-- PROBLEM TO SOLVE --
Go through the entries below and say how many lines contain the string "Apartment"; write only that number.

-- DATA FOR THIS TASK --

::::::::::

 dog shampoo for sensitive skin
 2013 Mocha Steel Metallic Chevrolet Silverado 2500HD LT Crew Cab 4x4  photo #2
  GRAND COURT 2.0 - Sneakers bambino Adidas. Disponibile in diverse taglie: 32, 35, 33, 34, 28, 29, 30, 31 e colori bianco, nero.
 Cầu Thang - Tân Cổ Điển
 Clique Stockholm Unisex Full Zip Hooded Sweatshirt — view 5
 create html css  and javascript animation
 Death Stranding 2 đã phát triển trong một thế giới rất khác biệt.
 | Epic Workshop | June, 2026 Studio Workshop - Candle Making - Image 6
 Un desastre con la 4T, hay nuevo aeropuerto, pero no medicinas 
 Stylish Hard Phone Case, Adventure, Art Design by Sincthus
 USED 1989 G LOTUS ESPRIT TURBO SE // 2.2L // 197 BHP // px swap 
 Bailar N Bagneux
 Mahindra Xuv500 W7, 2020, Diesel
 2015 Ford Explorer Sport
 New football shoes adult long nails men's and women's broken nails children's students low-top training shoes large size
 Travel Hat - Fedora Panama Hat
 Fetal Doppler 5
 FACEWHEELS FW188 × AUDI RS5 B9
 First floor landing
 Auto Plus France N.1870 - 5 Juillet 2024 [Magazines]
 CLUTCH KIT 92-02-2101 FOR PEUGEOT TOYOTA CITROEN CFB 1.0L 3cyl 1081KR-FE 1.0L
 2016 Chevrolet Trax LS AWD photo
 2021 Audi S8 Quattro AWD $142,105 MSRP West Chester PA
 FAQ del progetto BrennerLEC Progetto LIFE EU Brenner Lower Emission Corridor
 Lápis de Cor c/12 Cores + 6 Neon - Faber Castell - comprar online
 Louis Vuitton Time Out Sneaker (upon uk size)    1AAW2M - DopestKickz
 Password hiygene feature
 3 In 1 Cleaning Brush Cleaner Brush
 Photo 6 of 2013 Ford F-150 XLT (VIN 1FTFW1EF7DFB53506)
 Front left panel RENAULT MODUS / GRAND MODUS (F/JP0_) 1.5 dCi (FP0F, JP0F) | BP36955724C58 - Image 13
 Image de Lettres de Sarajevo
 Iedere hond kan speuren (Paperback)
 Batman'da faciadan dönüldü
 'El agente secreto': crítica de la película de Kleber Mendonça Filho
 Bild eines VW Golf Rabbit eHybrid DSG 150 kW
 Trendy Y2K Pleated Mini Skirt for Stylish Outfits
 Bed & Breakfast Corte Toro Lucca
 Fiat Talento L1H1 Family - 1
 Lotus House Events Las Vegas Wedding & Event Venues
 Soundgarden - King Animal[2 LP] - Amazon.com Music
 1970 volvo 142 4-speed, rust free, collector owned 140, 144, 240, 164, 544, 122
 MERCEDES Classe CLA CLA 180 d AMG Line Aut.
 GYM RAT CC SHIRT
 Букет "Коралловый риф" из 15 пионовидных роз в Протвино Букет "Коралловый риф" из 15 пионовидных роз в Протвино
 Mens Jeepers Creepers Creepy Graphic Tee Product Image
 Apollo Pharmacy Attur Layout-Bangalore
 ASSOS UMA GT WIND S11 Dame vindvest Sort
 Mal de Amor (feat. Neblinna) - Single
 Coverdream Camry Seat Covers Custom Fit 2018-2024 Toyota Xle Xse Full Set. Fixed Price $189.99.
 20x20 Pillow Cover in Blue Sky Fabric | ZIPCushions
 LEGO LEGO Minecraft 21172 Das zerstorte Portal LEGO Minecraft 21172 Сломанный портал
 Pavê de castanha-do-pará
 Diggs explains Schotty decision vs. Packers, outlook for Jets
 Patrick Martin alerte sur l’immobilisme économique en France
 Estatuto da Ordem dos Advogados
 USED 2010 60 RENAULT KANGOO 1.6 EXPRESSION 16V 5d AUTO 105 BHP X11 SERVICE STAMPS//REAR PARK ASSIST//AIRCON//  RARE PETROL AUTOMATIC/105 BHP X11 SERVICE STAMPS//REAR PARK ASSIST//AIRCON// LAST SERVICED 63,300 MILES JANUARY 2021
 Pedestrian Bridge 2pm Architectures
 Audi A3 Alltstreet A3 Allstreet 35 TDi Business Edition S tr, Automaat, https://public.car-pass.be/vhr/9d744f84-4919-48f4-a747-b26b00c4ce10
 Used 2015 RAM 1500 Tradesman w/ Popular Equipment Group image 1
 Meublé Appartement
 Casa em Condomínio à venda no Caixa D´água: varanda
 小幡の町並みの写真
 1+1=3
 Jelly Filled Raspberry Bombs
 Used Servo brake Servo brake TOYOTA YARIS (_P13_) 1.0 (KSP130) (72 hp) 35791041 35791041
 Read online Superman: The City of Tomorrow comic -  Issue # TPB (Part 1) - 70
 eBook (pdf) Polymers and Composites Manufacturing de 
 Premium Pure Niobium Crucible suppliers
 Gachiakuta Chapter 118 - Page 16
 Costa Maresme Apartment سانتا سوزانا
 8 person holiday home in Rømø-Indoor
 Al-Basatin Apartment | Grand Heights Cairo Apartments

::::::::::

-- SOLVED EXERCISE --
2